# Secure symmetric encryption algorithm for any-size base62 data

I am searching for a secure algorithm to encrypt base62 (or any other base) data for ids in urls.

It should feature:

• No blocksize etc, limiting the length of the message to a factor of n
• If you have the decryted and the encrypted message you should not be able to guess the key
• An avalanche effect
• Any size of charset, not only 256 like in AES, DES etc.
• High performance on modern CPUs

This is not required:

• Streaming, it is only for small data

Is this possible?

• I have a few ciphers like that, BUT they each have a very specific block size (35, 40, 42, 48 bits) and have i/o in 5 or 6-bit character sets, their purpose to be a secure permutation for URL generation from a counter Commented Nov 16, 2014 at 11:23
• Pastebin uses 8 base62 characters for his IDs.

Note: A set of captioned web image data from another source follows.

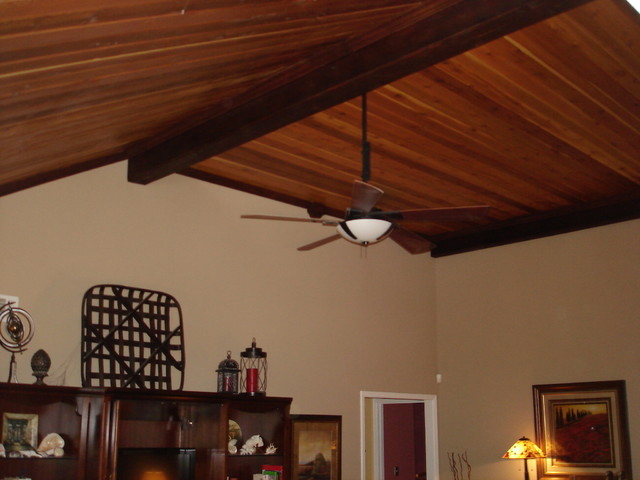 cedar board living room ceiling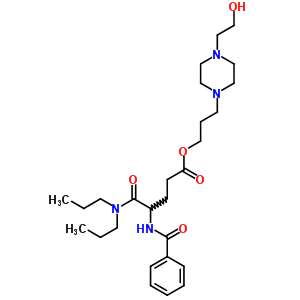 59209-38-0  3-[4-(2-hydroxyethyl)piperazin-1-yl]propyl N~2~-(phenylcarbonyl)-N,N-dipropyl-alpha-glutaminate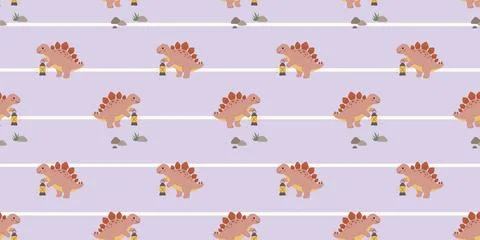 Cute pink stegosaurus dinosaur pattern with yellow flowers on purple background Stock Illustration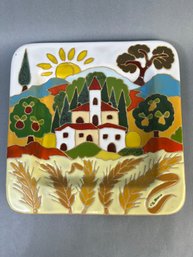 Vintage Bas Relief Square Plate With Country Design Signed By C S Rocco.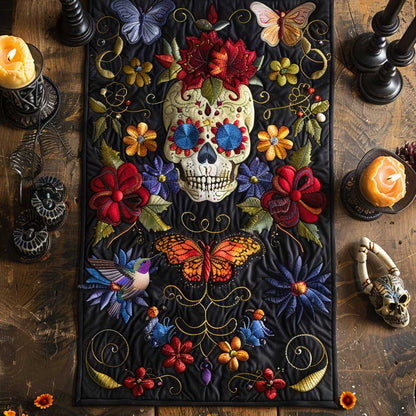 Floral Skull WN3010095CL Quilted Table Runner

Does Pastebin uses random IDs which are also stored in the database?
– user18296
Commented Nov 16, 2014 at 11:32
• are you looking for format preserving encryption ? Commented Nov 16, 2014 at 14:52
• they probably do not store the counter used to generate it, it is not a necessity. i do not know the precise method that pastebin and imgur use, or if it is cryptographically secure Commented Nov 17, 2014 at 2:49
• So, important question: is it required that the result remains the same size or is the ciphertext allowed to be larger than the encoded URL? Commented Jun 6, 2015 at 14:38

If you define your encryption to be $C=E_{62}(E_k(D_{62}(P)))$ and your decryption to be $P=E_{62}(D_k(D_{62}({C})))$ where $P$ is your encoded URL then you've brought back your problem to finding an encryption function for $l$ bits, where $l$ is the size of $D_{62}(P)$. After that you can "just" look for a Format Preserving Encryption primitive for those $l$ bits. If the encrypted URL is allowed to be larger than the unencrypted URL then you could use CTR mode with a nonce of 8 random bytes.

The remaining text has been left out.